I have g++ 4.4.3 on Linux with Ubuntu Lucid Lynx, and I am getting a:

-nan

as a result. On Hardy Heron with g++ 4.3.1, I am getting all

nan

This is causing my text diff regression to fail, since I am using cout to print this numerical result.

What is the meaning of a signed nan, and is there a way to tell the compiler that an unsigned nan is sufficient?

+5  A: 

You can get a signed NaN since the NaN-ness of the value and the sign of the value are controlled by different bits in IEEE754 (NaN is simply indicated by special exponent values, distinct from the sign bit). I'm at a loss as to what sort of operation would do it though.

It's possible that one of the normal operations that produce NaN could be causing a negative variation (like +0/-0 or +Inf/-Inf). But I would have thought that NaNs would print as nan regardless of sign.

However, while the standard specifies in great detail how numbers are handled, it's strangely silent on how they're printed. The Wikipedia page for NaN lists these:

nan         NaN         NaN%        NAN         NaNQ
NaNS        qNaN        sNaN        1.#SNAN     1.#QNAN
-1.#IND     -NaN        NaN12345    -sNaN12300

with some of those showing sign and the extra payload.

Note that I'm talking about the IEEE standards here. The ISO C standards do indicate a limited number of forms but whether the sign and/or payload is printed is implementation-dependent. I can only assume that the later versions of the library have changed their behaviour.

How to fix it within the compiler, I'm not sure. I'd just take the pragmatic approach and run your output file through something like sed 's/-nan/nan/g'. Hopefully that won't introduce other problems.

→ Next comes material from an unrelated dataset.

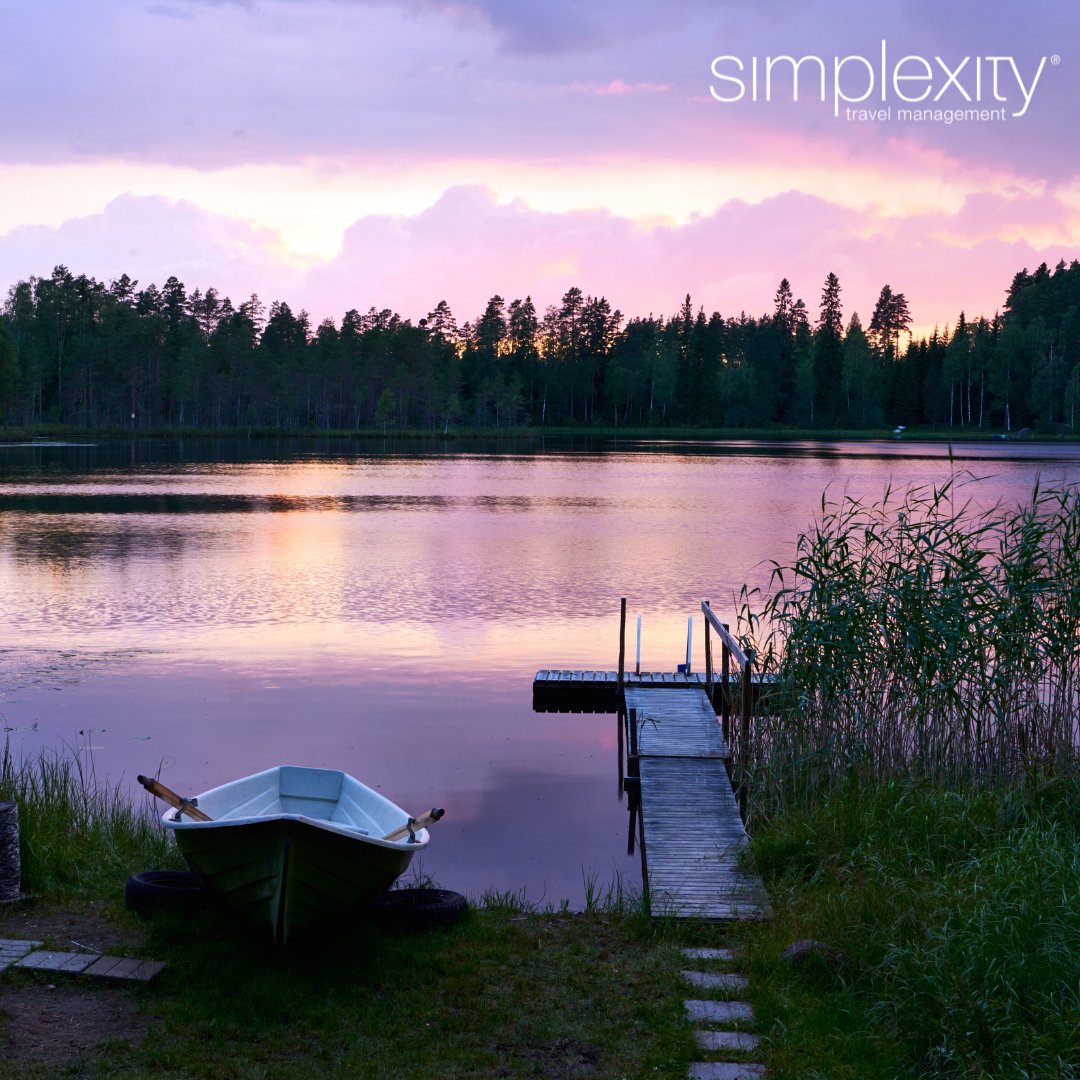 SimplexityTM's tweet image. Where water meets forest and long daylight lingers, Finnish Lakeland offers a rare kind of stillness. Drift across mirrored lakes, unwind in a sauna, and embrace Nordic summer at its most serene. 🌲💧
#finnishlakeland #nordicluxury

And you should also keep an ey on the form that allows the payload to be printed as well, though I'd only worry about that when the tests start failing again. But I'd put a comment somewhere near that sed command indicating that it may happen at some time in the future. That way, at least the guy that follows you will understand why.

paxdiablo
I can filter the result, but I just want to make sure my reasoning is legitimate when someone sees the filtering.
Juan
The standard itself defines it as NaN when exponent is the max value and mantissa is of a certain format. Sign doesn't come into it. I would simply chalk it up to simplistic output routine that checked the sign regardless of whether it was outputting a real numbers or one of the specials.
paxdiablo
+1  A: 

Signed NaN is possible, though I don't know enough about floating point to know why one platform would produce -NaN and another would produce NaN. But since NaN has some unusual behaviors, I'm really not surprised that that could happen.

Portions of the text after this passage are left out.